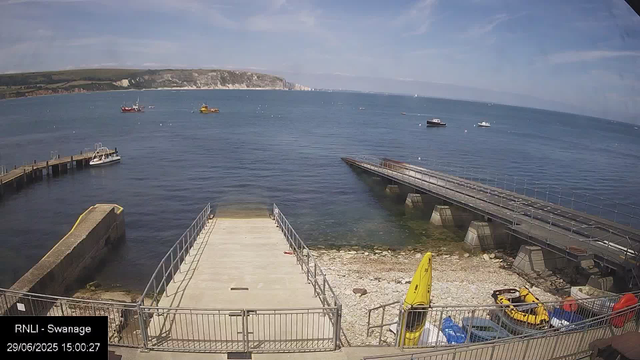 A view of a harbor with several boats floating on calm water, a dock extending into the sea, and a concrete platform with railings in the foreground. There are some yellow safety equipment and small vehicles parked near the platform. In the background, there are green rolling hills and white cliffs under a partly cloudy sky.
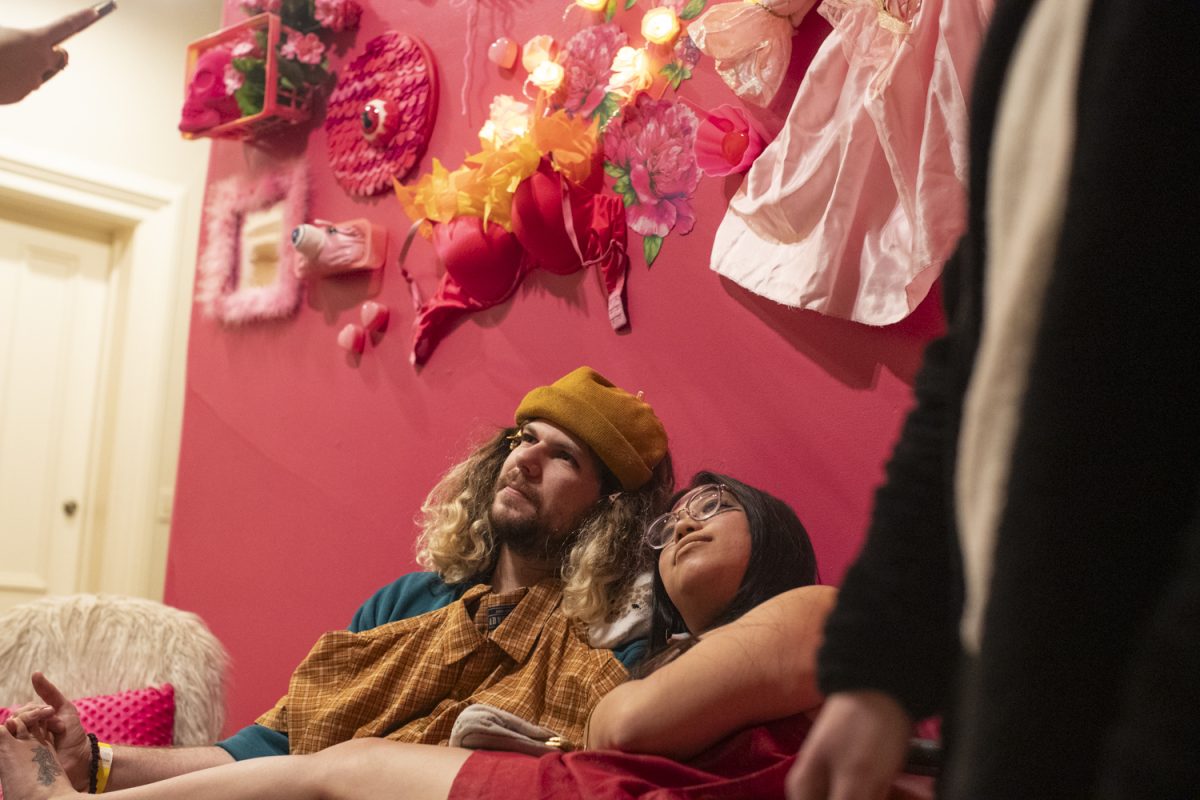 Attendees mingle during the Dada Prom, held at Public Space One on Saturday, Dec. 7, 2024. The event, celebrating the absurdist art form, had an immersive exhibit throughout the venue and a costume contest for attendees who dressed up.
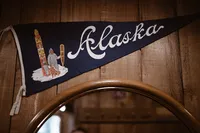 Vintage triangular pennant reading “Alaska” hangs on a wood-paneled wall above a round mirror.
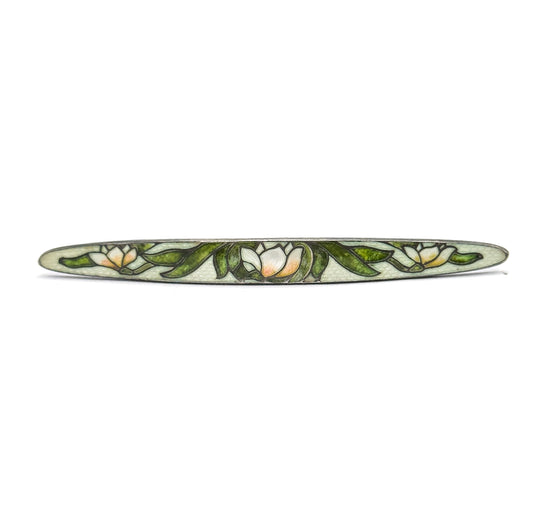 The whole brooch square-on against white, its long tapered bar showing all three white blossoms evenly spaced among green leaves from pointed tip to pointed tip.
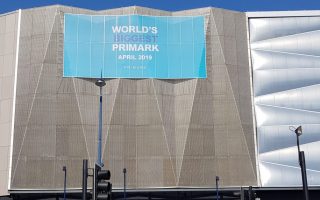 Outside shot of the World's largest Primark building. A grey angular building with a blue sign with white writing on it saying world's biggest Primark.
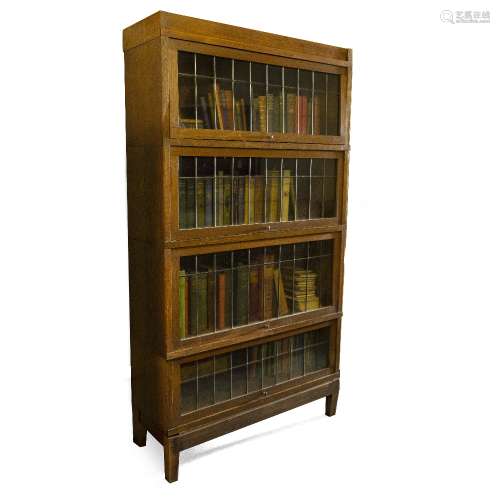 Oak stacking bookcase by Kenrick & Jefferson, with four leaded shelves, 162cm x 86.5cm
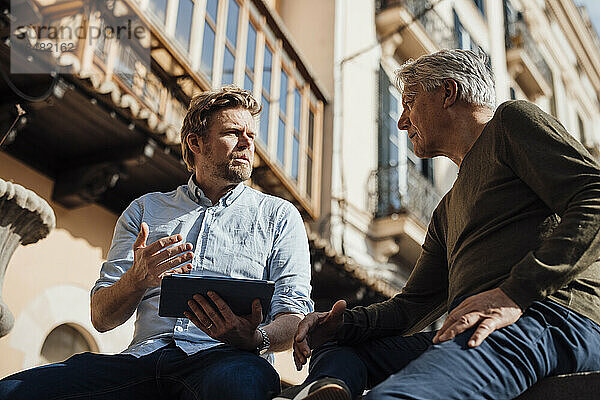 Reifer Mann diskutiert mit Vater vor dem Gebäude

-----

● **Exercise**
Reproduce the records exactly, starting with their first line and ending with the line that contains "Attendees mingle during", though pictures should be dropped.

● **Answer to this problem**
 A view of a harbor with several boats floating on calm water, a dock extending into the sea, and a concrete platform with railings in the foreground. There are some yellow safety equipment and small vehicles parked near the platform. In the background, there are green rolling hills and white cliffs under a partly cloudy sky.
 Attendees mingle during the Dada Prom, held at Public Space One on Saturday, Dec. 7, 2024. The event, celebrating the absurdist art form, had an immersive exhibit throughout the venue and a costume contest for attendees who dressed up.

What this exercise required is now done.